Kentucky
I was inspired to write this during a week I spent on the countryside of Lexington Kentucky
Autumn 24
The tar of the blacktop brings back the memories of my early youth, burning at my feet. Sitting on the driveway of my Baba's house picking at the melted tar on a summer day while the hose runs as fast as my nose and the water dripping out of my hair. The sunset is undeniably impermanent but has a sureness of coming back, always guaranteed, but so different with every return. Not really the sun, but the sky and vast scenery around it. The sun forever stays the same but everything around it is always changing leaving the past in memories and whispers in the wind, never to be experienced the same way again. The past will never come back and it won't ever be how it was, it can only be reminisced over in melancholic nostalgia. These memories seem to spill from my head to my feet like sand in an hourglass.

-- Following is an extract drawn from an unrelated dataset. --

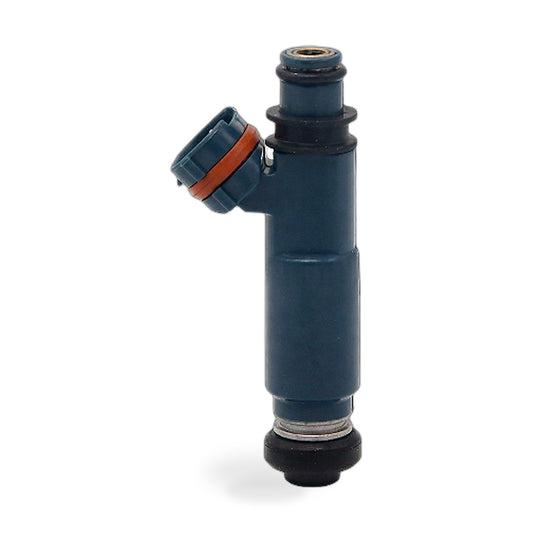 Fuel Injector Suitable for Toyota Land Cruiser Lexus LX470 Tundra 23250-50040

Each grain not fully recognized but somehow reminding me who I am and who I've always been, sending me adrift like I'm floating on my back in an ocean of thought. The night sky makes me think about my decisions and every step I've taken to get me to this point. I have no regrets, but sometimes I dwell on what could've been. Not just for myself but for what I could've done to put others down the right path. The thing is though, you can't help people who don't want to be helped especially when you can't even help yourself. Sitting on the roof at night I wonder about the night sky. I don't understand how the stars do it so easily. How can something so still and unmoving be so meaningful and soul striking? I think we go too fast for the stars. We can't see the true longevity of their interstellar placements and lifetimes. We will never see their true beauty. Not for real, at least, just in pictures and in bright white specks across the sky. Even so, it doesn't take away from it all, and how the night sky seems to get more extravagant with every passing night. I want to be like the sky and stars, the sky and stars in Kentucky. Everywhere and nowhere all at once. To last in elapsed memories, like a song you can't get out of your head. But I want something the stars don't have. To be understood.